SAWT BEIRUT INTERNATIONAL

| 19 April 2024, Friday |

Experts warn first-ever rain in Greenland ice sheet shows risks of climate change

Rain is generally a good thing, but when rain poured on the highest point of the Greenland ice sheet for the first time in recorded history in August, it didn’t even make the news.
However, rain in a country known for its severe cold foreshadows a future that would alter global coastlines and submerge entire towns.

The US Snow and Ice Data Center stated that rain was seen for many hours on August 14 at a measurement site more than 3,000 metres (9,800 feet) above the sheet.

“This is an extreme event as it may never have happened before. This is probably a sign of global warming.,” Martin Stendel, a researcher at the Danish Meteorological Institute, said.

Only nine times in the past 2,000 years have temperatures at the pinnacle of the sheet reached above freezing. Three of those incidents have occurred in the last ten years, although there was no rain on the prior two occasions, in 2012 and 2019, he said.

Temperatures must be above or just below zero degrees Celsius for the rain to fall, indicating the danger that rising temperatures pose to the world’s second-largest ice sheet, behind Antarctica.

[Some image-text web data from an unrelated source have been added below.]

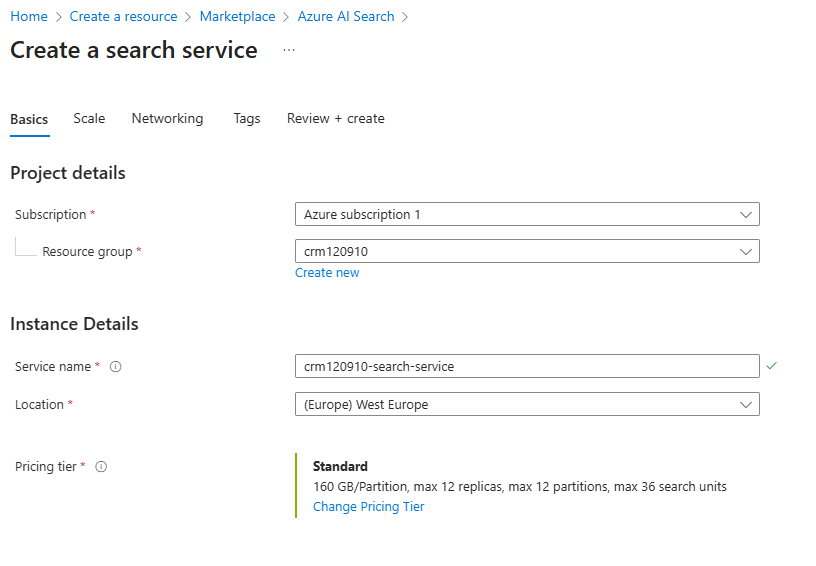 Azure portal 'Create a search service' page showing project details and instance details form.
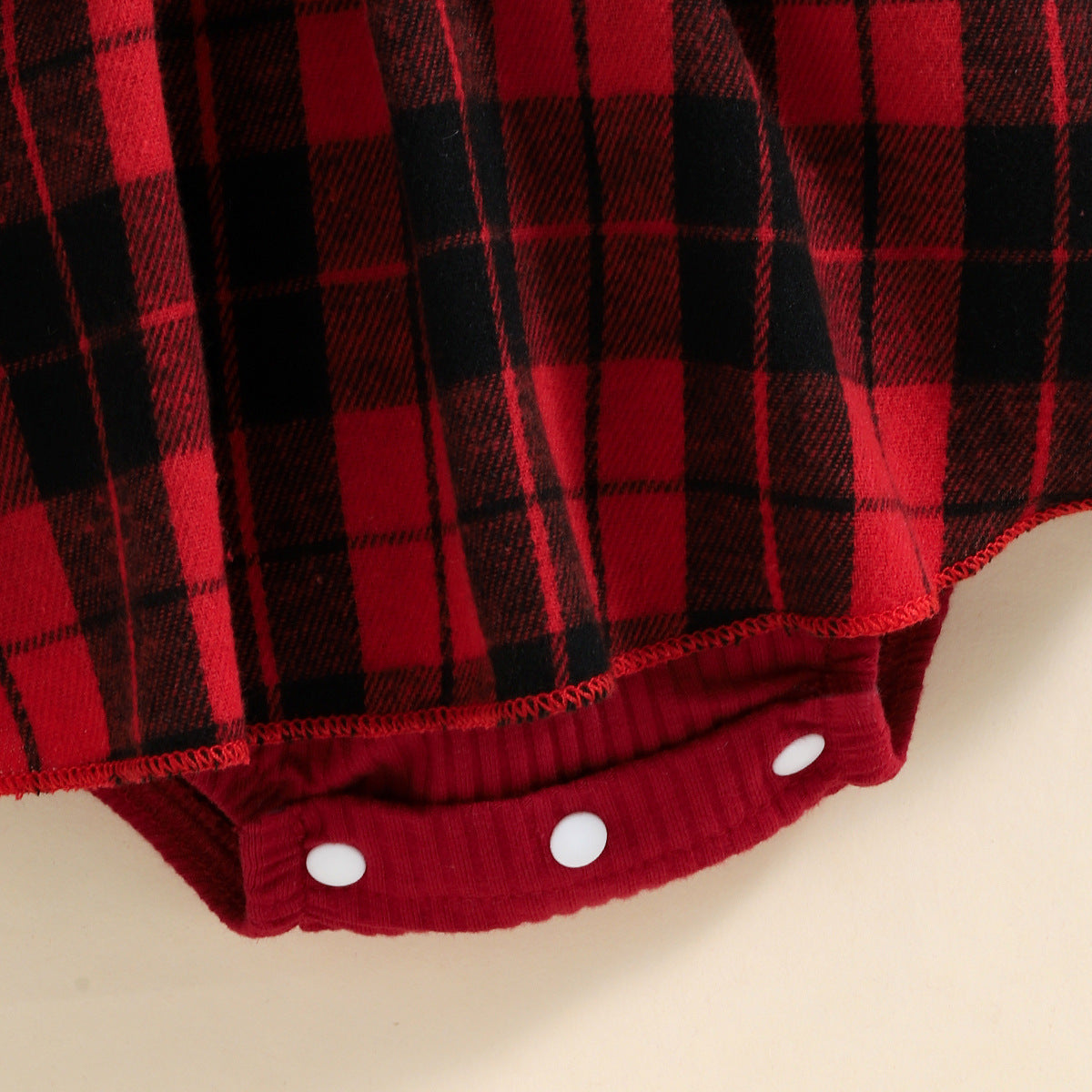 Baby Girls Red Pit Strip Plaid Christmas Climbing 3 Pcs Sets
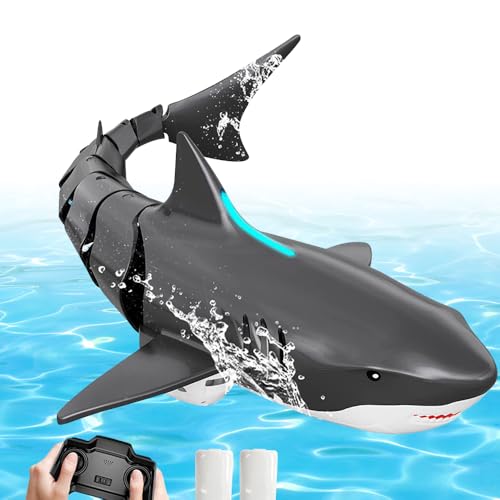 DAJASD Ferngesteuerter Hai, 2.4GHz Ferngesteuertes Boot, RC Boot Simulation Hai mit Licht und Zwei Batterien, RC Haiboot, Pool Spielzeug Geschenk für 5+ Jahre Jungen Mädchen von DAJASD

Outside of Antarctica, the Greenland ice sheet has four times the amount of ice as all other glaciers and ice fields combined.

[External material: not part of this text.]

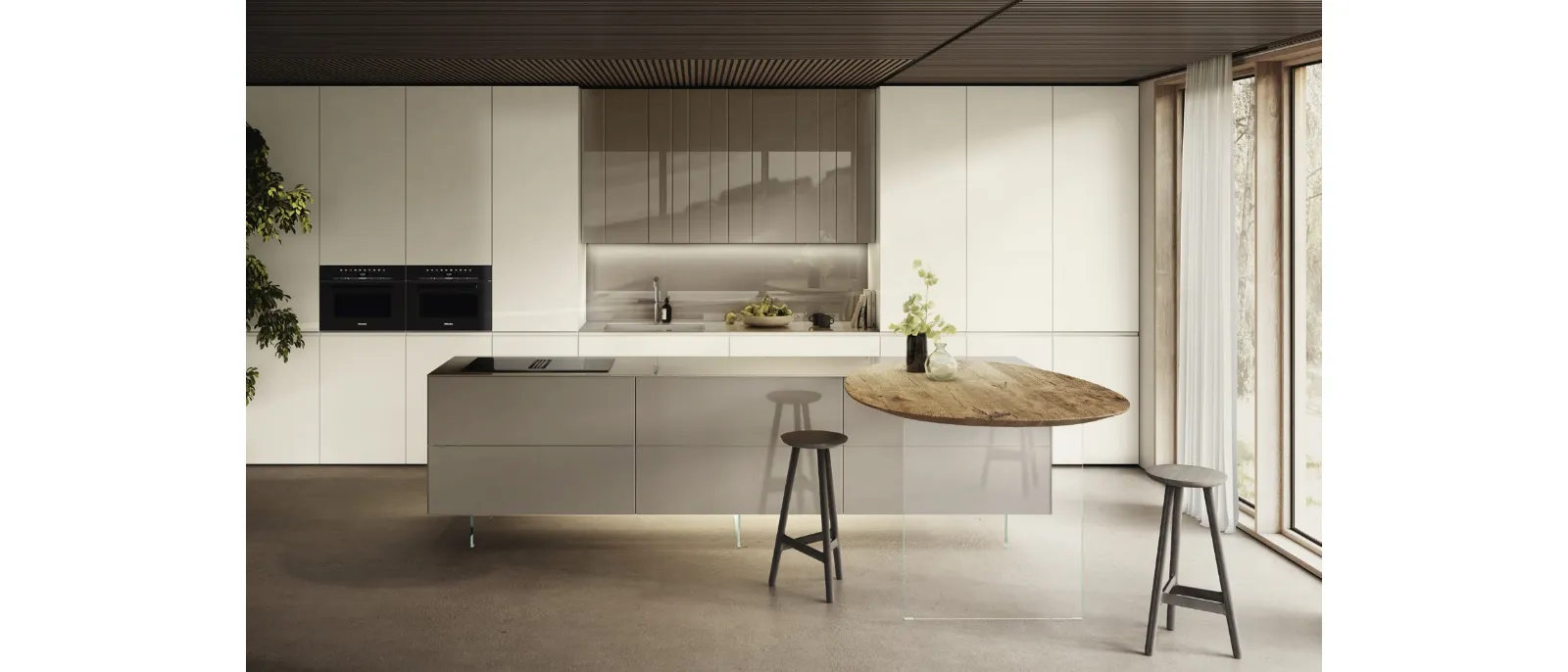 Cucina Design con isola NOW Project 2832 di Lago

Greenland, the world’s largest island, is more than 36,000 times the size of Manhattan and is covered in ice that is thousands of feet thick in many areas.

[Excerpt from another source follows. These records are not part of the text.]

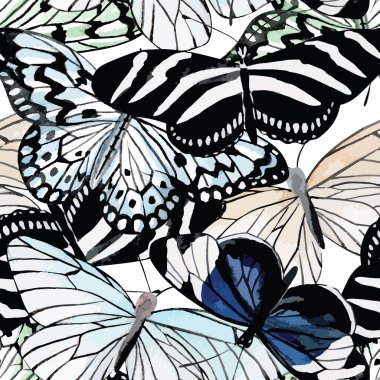 butterflies black and white watercolor seamless background clipart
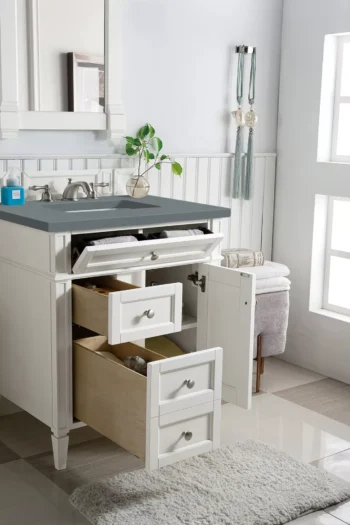 Brittany 30" Single Vanity, Bright White, w/ 3 CM Cala Blue Top - Image 4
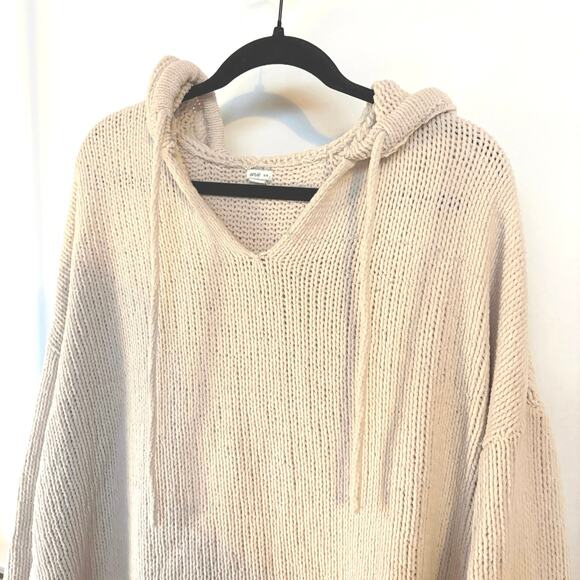 Aerie Crochet Chenille Cream Knit Hoodie Sweater Soft Cozy Oversized Boho Medium - Picture 2 of 14
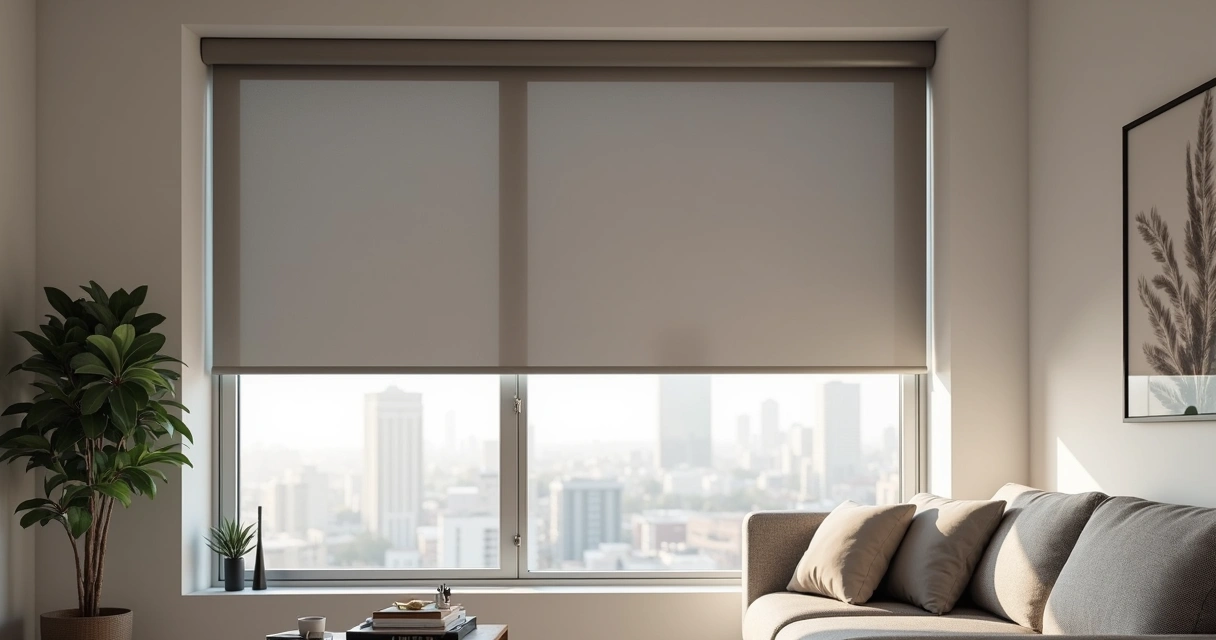 Persiana rolo box blackout instalada em sala moderna com decoração minimalista e luz natural controlada 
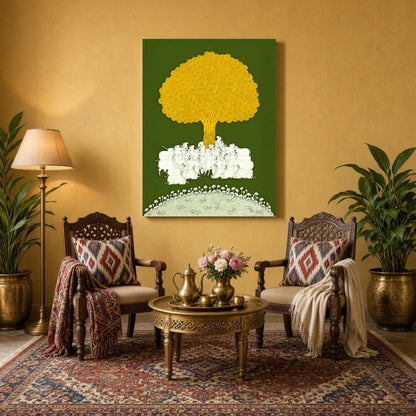 Immerse yourself in the tranquil beauty of this Pichwai artwork, depicting a serene gathering of for Sitting Area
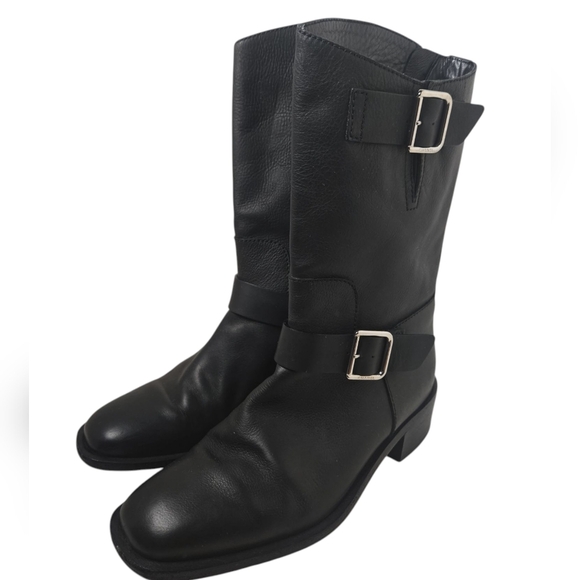 CHANEL - 14B CC Black Leather Buckle Moto Biker Boots - 37 - Picture 2 of 12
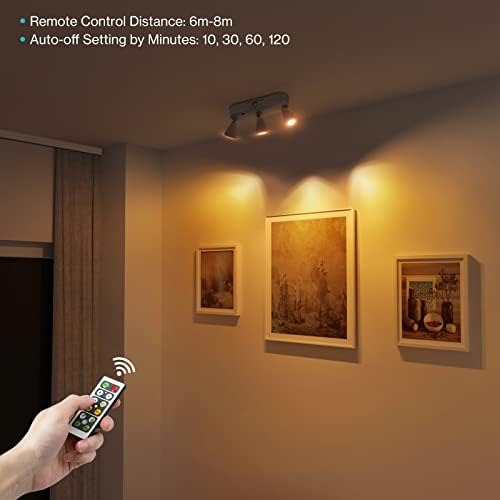 Olafus 2 Pack Wireless Picture Light with Remote 3 Heads Dimmable Warm White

The ice sheet disintegrates as carbon dioxide and methane collect in our atmosphere, causing our planet to heat (the last six years have been the warmest on record).

In the last decade, Greenland has lost more ice than it did in the previous century.

In a paper published two years ago in Nature, a respected scientific publication, a group of climate scientists estimated that if Greenland continues to melt, tens of millions of people might face annual floods and displacement by 2030 – less than nine years from now.

By the end of the century, when Antarctica, which has far more ice than Greenland, begins a phase of catastrophic melting, the number of people at risk of flooding might have risen to about half a billion.